During the border closures, Caltrans has directed the traffic going south to the Otay Mesa Port of Entry, where the crossing is open to Mexico.
“I think people don’t understand that the protests at the border may have an economic impact for some of the business on the surrounding communities,” said Cindy Gompper-Graves, president and CEO of South County EDC. “We are trying to determine if there is a positive or negative economic impact on the business close to the border on both sides.”

The survey started a month ago, and it’s projected to continue throughout March. Residents and business owners can participate. Members of South County EDC have visited local businesses to do the survey, and the survey can also be done through their website, http://www.southcountyedc.com/. The survey takes approximately three minutes to complete. So far, over 300 people have participated.
Gompper-Graves said they don’t have any results yet, but have seen a mix of responses. Some responses are positive while other answers are negative.

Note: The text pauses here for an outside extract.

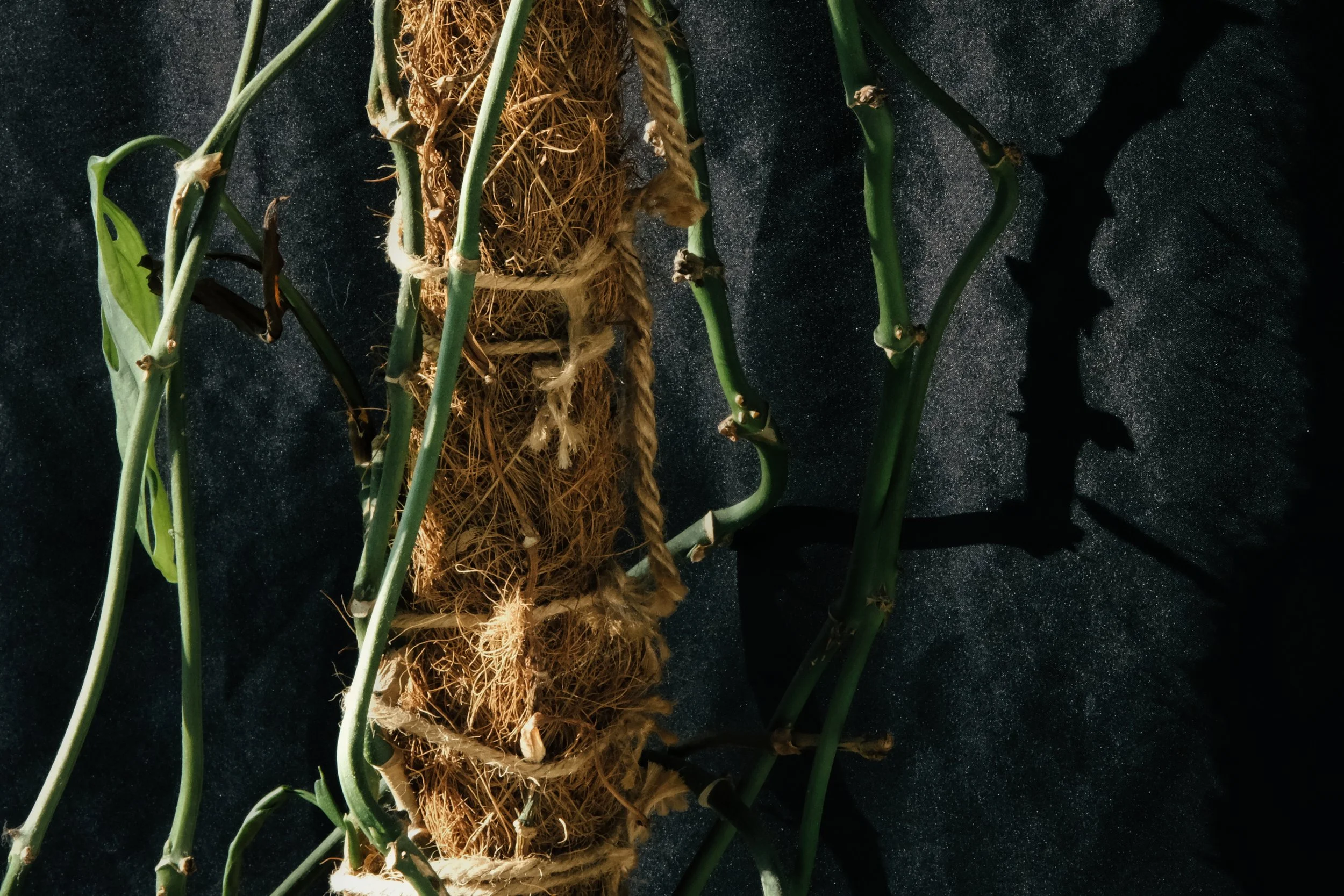 Plant and Shadow - Studio Dentergem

“Some businessmen have said the closures are positive because Tijuana visitors stay longer in San Diego, and go to have dinner while they wait for the border to open up,” Gompper-Graves said. “We have also seen responses about a negative economic impact.”
The final results of the economic impact of the border closures caused by protests will be available for the public on the first week of April.

“At this moment, is inappropriate for us to say that there has to be a change on the protests. We first need to know if there is a negative impact on the economy of the surrounding businesses,” Gompper-Graves added. “We are not saying the protests are wrong. We just want the people to understand that there are other ways to send a message, if the protests at the border are making a negative impact.”
This is not the first survey done by the SCEDC on the Tijuana-San Diego region. The SCEDC has done several surveys focused on the cross border issues.